- [YOUR OBJECTIVE] Exactly the lines from the one containing "Woven fabric Nigeria 18cm / 1m MILARE" through the end of the data, and nothing more, should be retyped; pictures stay out.

- [STORED DATA]
####################
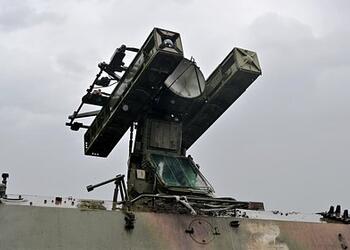 ВСУ атаковали ракетами российский регион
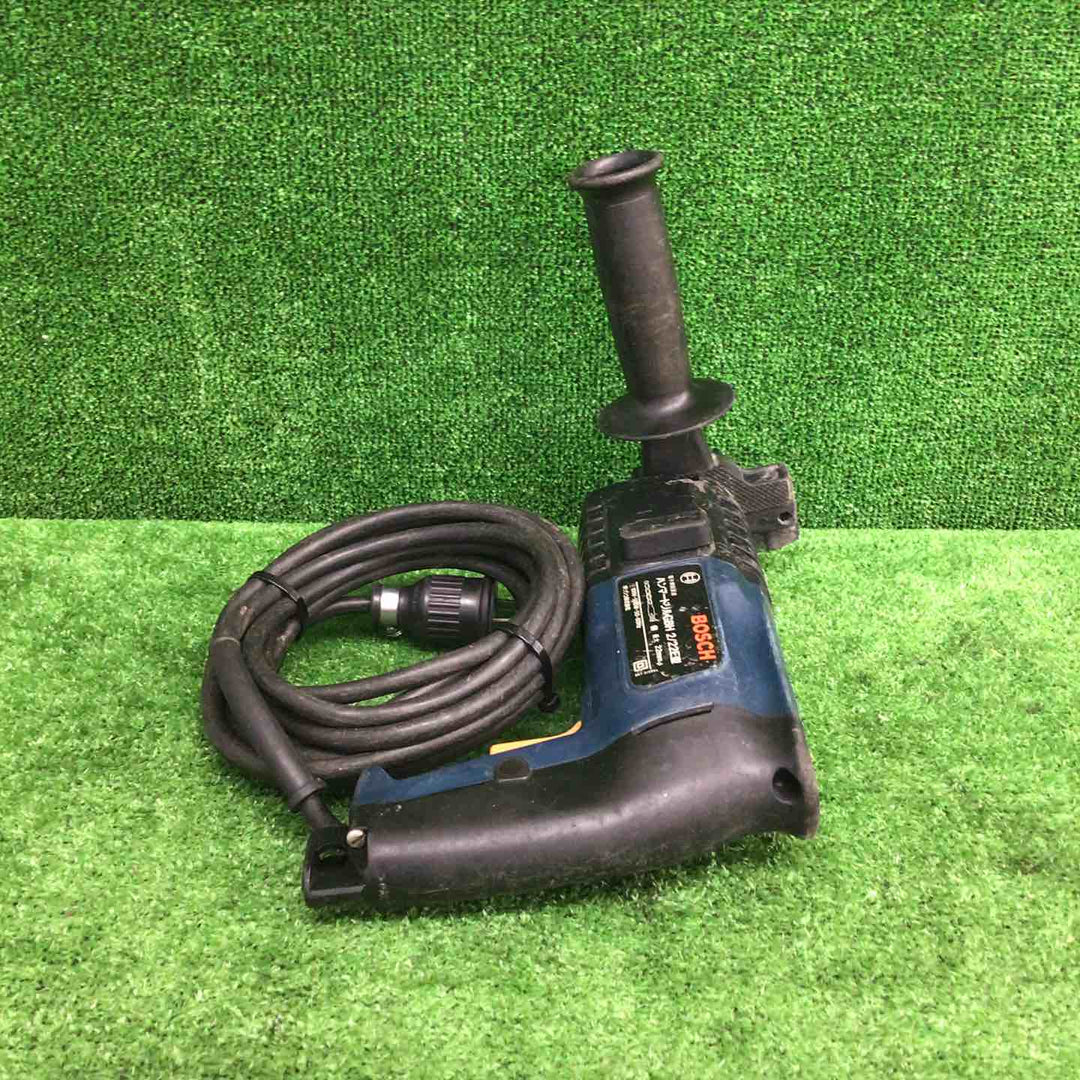 【現状品】 ボッシュ/BOSCH ハンマドリル GBH2-22E 【鴻巣店】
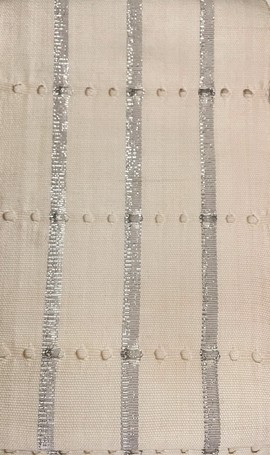 Woven fabric Nigeria 18cm / 1m MILARE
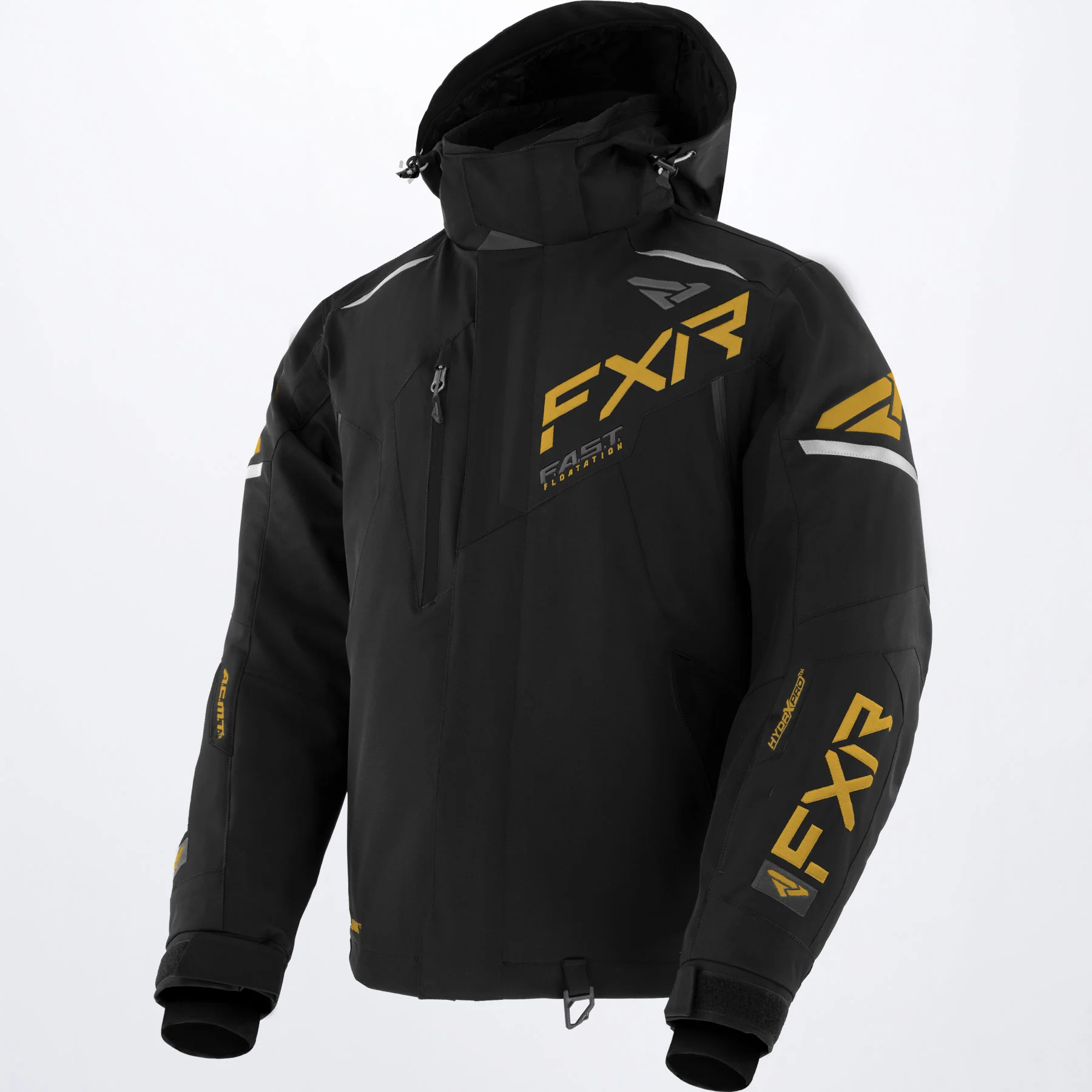 Men's Renegade FX Jacket - Image 7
####################
- [RESPONSE BOX]
 Woven fabric Nigeria 18cm / 1m MILARE
 Men's Renegade FX Jacket - Image 7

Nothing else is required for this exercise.